Here is my recipe for…
Steamed Artichokes
Ingredients
2-4 fist sized artichokes (Green Globe variety is my favorite, with a more triangular leaf)
1 med-large lemon, quartered
2.5 grams | 1/2 tsp kosher salt
1.2 grams | 1/2 tsp ground pepper
.6 grams | 1/2 tsp oregano
54 grams | 1.9 oz (1/4 C) extra virgin olive oil
Dipping Sauce
56 grams | 1.8 oz (1/4 C) mayonnaise (Best Foods or Hellman's east of the Rockies)
57 grams | 2 oz (1/4 C) sour cream
15 ml | 1 T fresh lemon juice
5 grams | 1 tsp Dijon mustard
1 garlic clove, grated
Freshly ground black pepper
Kosher salt
Prep the Steamer
In a stock pot with steamer insert, add water so it just reaches the bottom of the steamer insert. Quarter the lemon. Place the lemon quarters evenly around the bottom of the steamer. Set steamer with insert inside on stove burner on medium-high heat. Bring to a boil.
Prep the Artichokes
Remove by hand the small leaves from the bottom of the artichokes, about 2-3 rows. Slice off the stems. Trim the sliced stem area to make a flat surface so the artichokes can stand upright in the steamer.
With a sharp serrated blade knife, cut off the top 1 inch of the artichoke to remove the thorns and expose the inner choke. Use kitchen scissors to snip off the thorns from remaining leaves. Place the artichokes evenly in the steamer alternating between lemon quarters.
Season artichokes with salt and pepper by evenly sprinkling over exposed chokes and leaf openings. Crush oregano in the palm of your hand then sprinkle over exposed chokes and leaf openings. Drizzle olive oil into exposed chokes and into leaf openings.
Place cover on steamer. Reduce heat to medium-low. Steam for 60 minutes.
Prep the Dipping Sauce
In a small bowl, mix together mayo, sour cream, lemon juice, mustard, and garlic. Season with kosher salt and black pepper to suit your taste.
Test the Artichokes
After 60 minutes, use tongs to remove an outer leaf. Immediately replace steamer cover. Test leaf by placing in mouth, flesh side on lower teeth, then scrape the flesh off with your teeth. Flesh should release easily and feel smooth and creamy. If not, set timer for another 10 minutes and test again. Continue testing in 10 minute intervals until the flesh is smooth and creamy when scraped.
Serving
Serve with dipping sauce. Use a separate large bowl for discarded leaves. Consume leaves starting with the outer ones and work toward the inner leaves. As you get closer to the choke the leaves will get thinner and thinner to the point where they will be difficult to handle. They will form a cone shape. Pull this cone off with your hands. There will be some residual leaf meat flopping at the bottom of the cluster in your hand. Dab this cluster into the dipping sauce and nibble the goodness, ensuring you don't go too far up into the inedible part of the cone.
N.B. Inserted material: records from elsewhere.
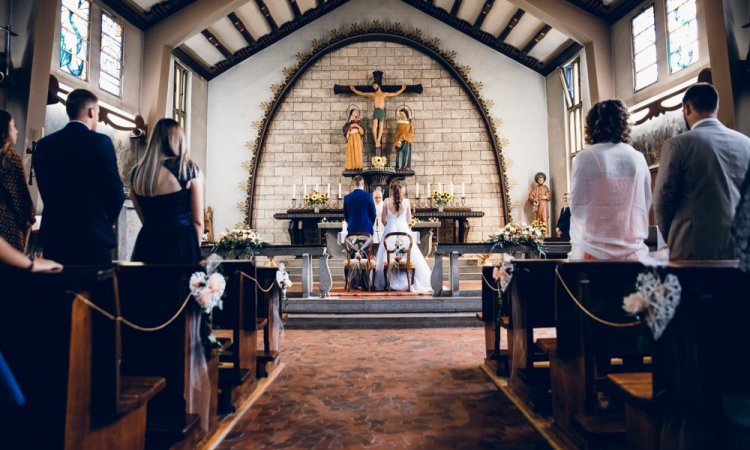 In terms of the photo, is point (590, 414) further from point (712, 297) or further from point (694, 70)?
point (694, 70)

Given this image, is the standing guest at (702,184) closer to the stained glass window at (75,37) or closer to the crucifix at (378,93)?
the stained glass window at (75,37)

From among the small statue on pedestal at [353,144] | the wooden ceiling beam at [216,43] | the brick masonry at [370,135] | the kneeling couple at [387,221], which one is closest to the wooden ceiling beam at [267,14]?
the wooden ceiling beam at [216,43]

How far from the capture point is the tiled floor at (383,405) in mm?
2344

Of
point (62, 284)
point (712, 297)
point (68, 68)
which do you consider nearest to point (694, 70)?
point (712, 297)

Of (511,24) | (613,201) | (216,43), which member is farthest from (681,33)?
(216,43)

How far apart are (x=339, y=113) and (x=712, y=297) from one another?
1095cm

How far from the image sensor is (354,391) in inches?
123

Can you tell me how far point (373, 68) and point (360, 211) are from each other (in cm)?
645

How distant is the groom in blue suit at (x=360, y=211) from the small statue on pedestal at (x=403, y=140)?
446 cm

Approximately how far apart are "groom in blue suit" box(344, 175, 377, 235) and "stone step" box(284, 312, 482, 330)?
1329mm

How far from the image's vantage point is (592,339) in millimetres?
2096

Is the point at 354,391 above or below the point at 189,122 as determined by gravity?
below

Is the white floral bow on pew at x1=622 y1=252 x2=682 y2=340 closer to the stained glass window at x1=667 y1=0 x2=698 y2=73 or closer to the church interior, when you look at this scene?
the church interior

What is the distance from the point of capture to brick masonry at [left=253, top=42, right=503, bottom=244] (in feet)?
37.9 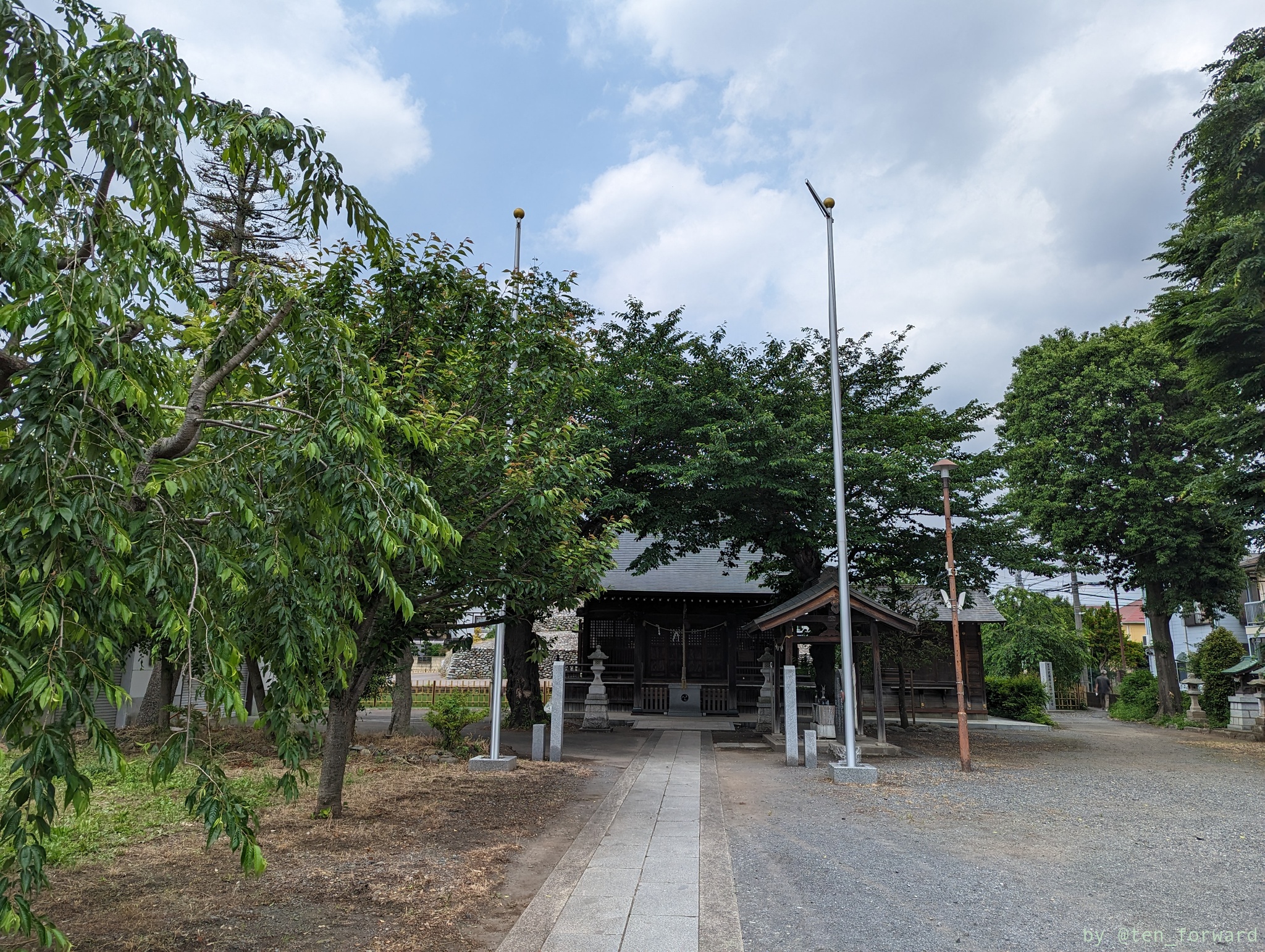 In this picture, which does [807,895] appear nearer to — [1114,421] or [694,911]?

The steamed choke is now visible and you now have the remaining artichoke heart. The choke appears round and fuzzy and is inedible. Use the blade of a knife and create a small incision at an oblique angle where the choke and heart are. Slide the knife to the center of the heart. Rotate the knife around the heart then lift out the choke in a single piece. Discard the choke.
Spoon dipping sauce into the bowl of the heart. Quarter the heart and enjoy its creamy delights!
Enjoy!
Yum! And so nutritious.
I grew up eating artichokes with my dad in Southern California. While living in the Bay Area, I continued eating them and saw them growing when driving up the coast. Now that I’m no longer living in California, I can still get very good fresh artichokes when they’re in season. Love them! I will do a couple things differently after seeing this tutorial. They are currently in season and I’ve been eating them regularly.